-- Task to carry out --
Given the material below, output exactly the lines from the line with "australia-esperance-lucky-bay-kangaroos-at-beach" to the line with "De verschillen tussen", both ends included, and no other lines.

-- Recorded data --
::::

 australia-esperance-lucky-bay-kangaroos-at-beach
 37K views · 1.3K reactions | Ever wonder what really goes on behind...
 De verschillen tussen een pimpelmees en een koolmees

::::

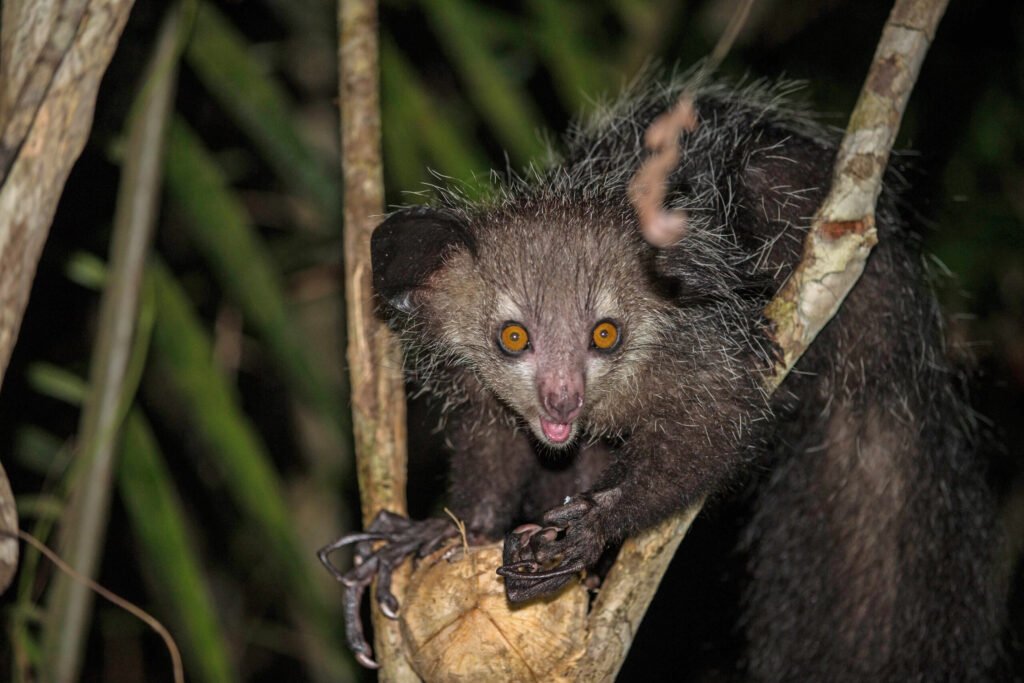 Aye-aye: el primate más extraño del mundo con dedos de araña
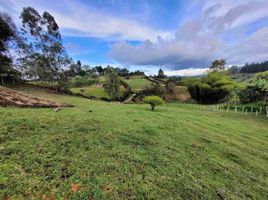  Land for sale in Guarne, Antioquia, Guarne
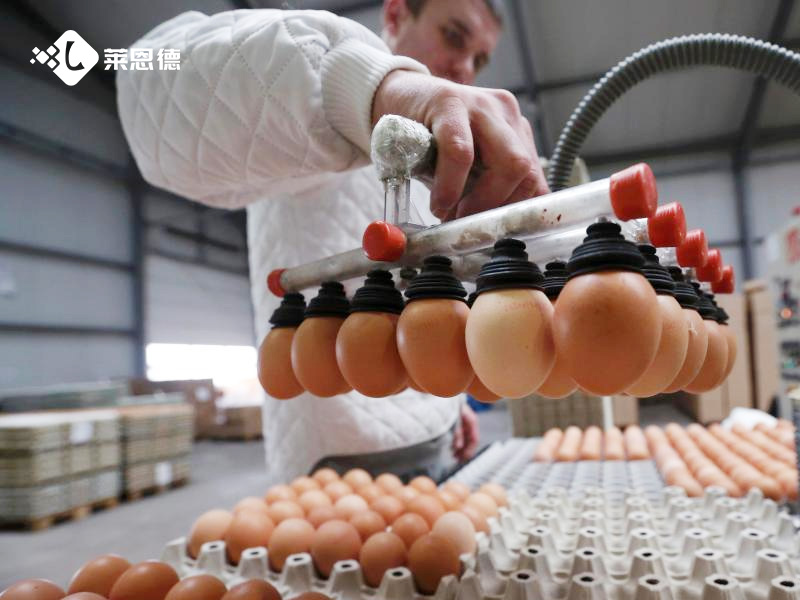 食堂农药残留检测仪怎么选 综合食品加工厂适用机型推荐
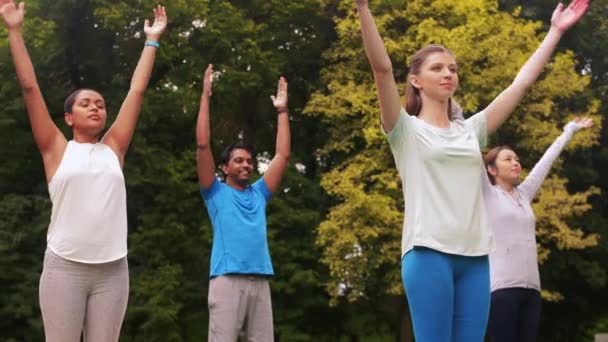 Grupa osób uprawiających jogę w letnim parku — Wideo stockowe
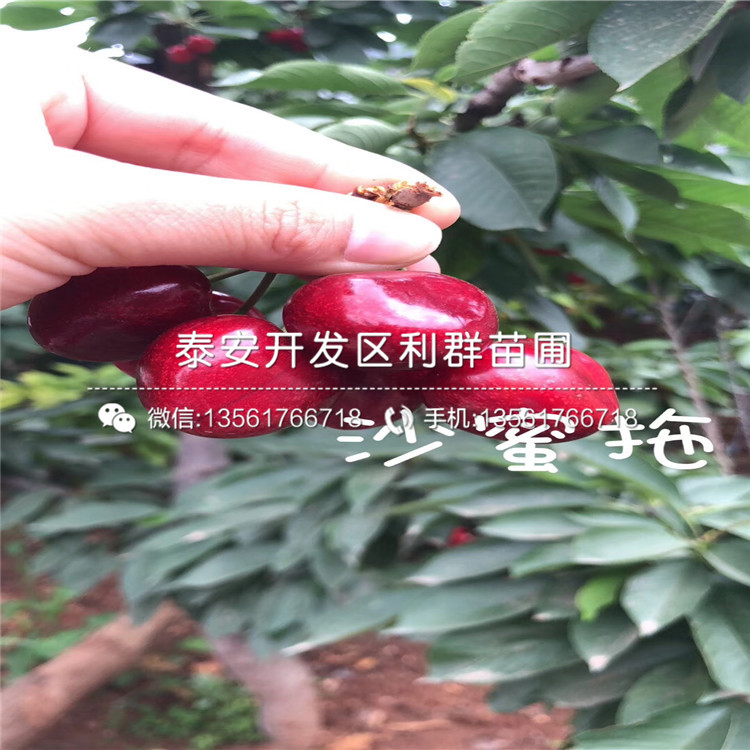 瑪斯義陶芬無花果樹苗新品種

::::

-- Task result --
 australia-esperance-lucky-bay-kangaroos-at-beach
 37K views · 1.3K reactions | Ever wonder what really goes on behind...
 De verschillen tussen een pimpelmees en een koolmees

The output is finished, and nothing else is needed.